TASK GOAL =
Restate the entries below exactly, and keep all images out of the answer.

EXTRACTED INFORMATION =

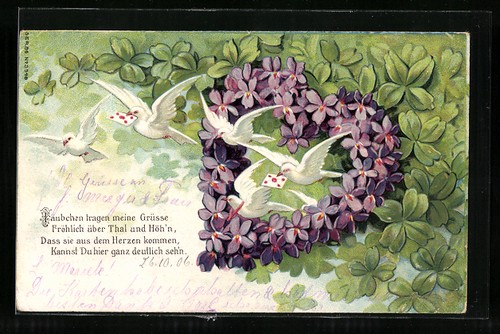 Cartolina colombe bianche - cartolina,
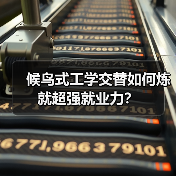 候鸟式工学交替如何炼就超强就业力？（图4）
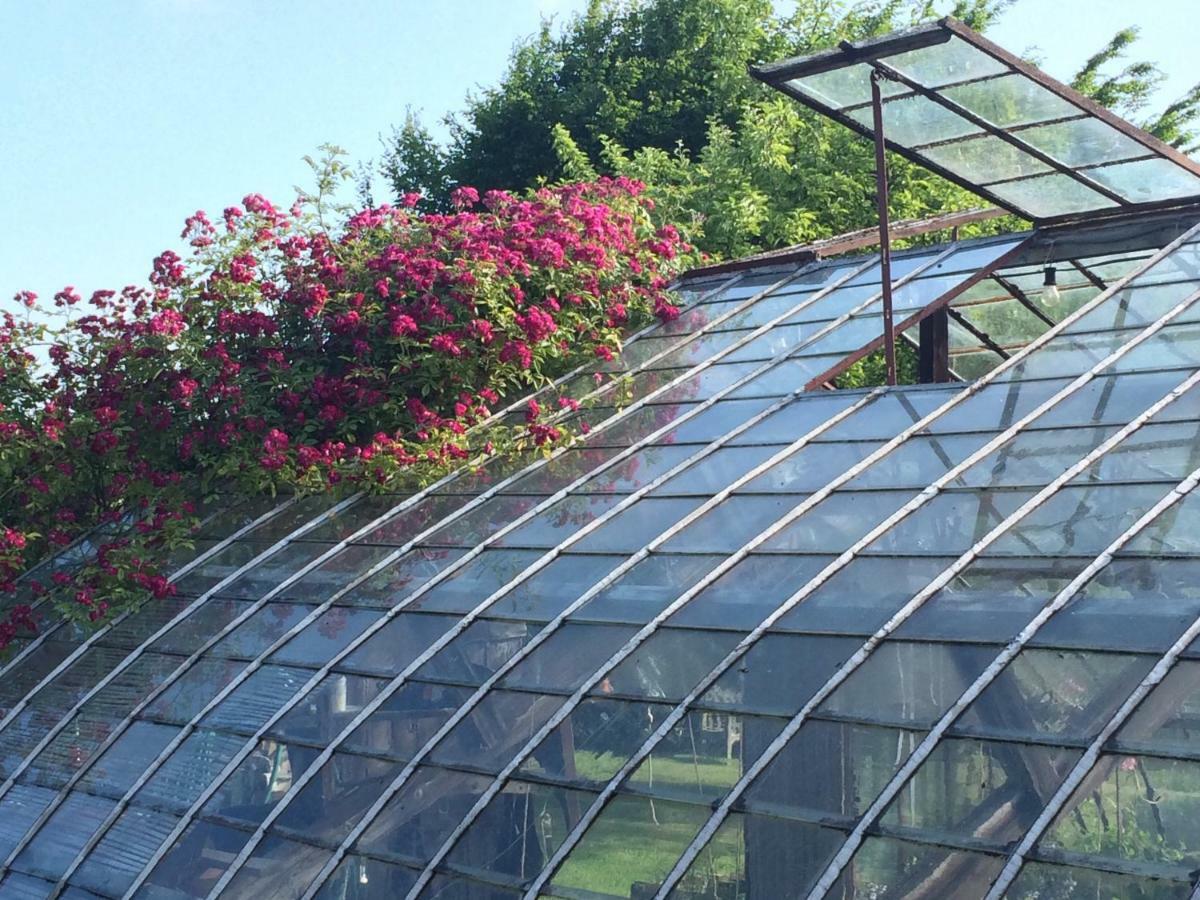 Le Jardin Des Sources Bed and Breakfast La Hulpe Exteriör bild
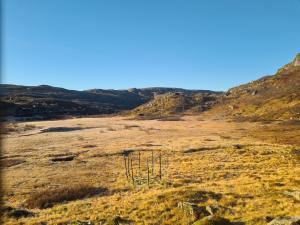 2026-10-19 10:00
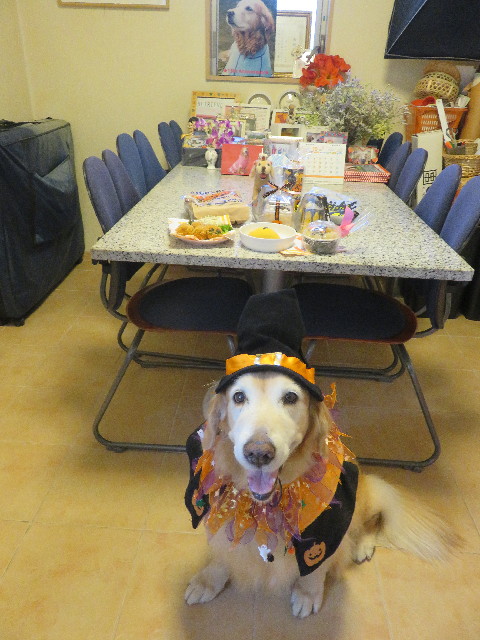 ファイル 5973-1.jpg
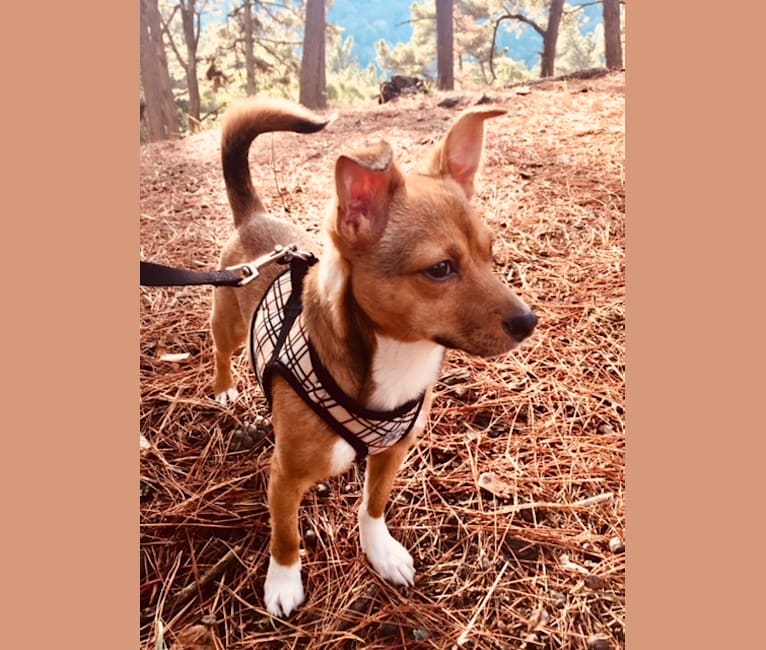 Photo of Jack, a Chihuahua, Shih Tzu, and Pomeranian mix in Oakland, California, USA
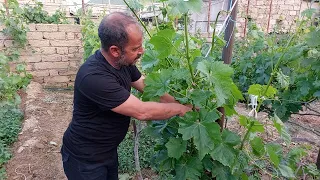 Vinoqrad Azərbaycan - Üzümdə ikinci yaşıl budama.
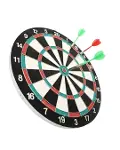 17 İnç Profesyonel Dart Tahtası Dayanıklı Yapı ve 4 Metal Dart Oku-3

ANSWER TO THIS EXERCISE =
 Cartolina colombe bianche - cartolina,
 候鸟式工学交替如何炼就超强就业力？（图4）
 Le Jardin Des Sources Bed and Breakfast La Hulpe Exteriör bild
 2026-10-19 10:00
 ファイル 5973-1.jpg
 Photo of Jack, a Chihuahua, Shih Tzu, and Pomeranian mix in Oakland, California, USA
 Vinoqrad Azərbaycan - Üzümdə ikinci yaşıl budama.
 17 İnç Profesyonel Dart Tahtası Dayanıklı Yapı ve 4 Metal Dart Oku-3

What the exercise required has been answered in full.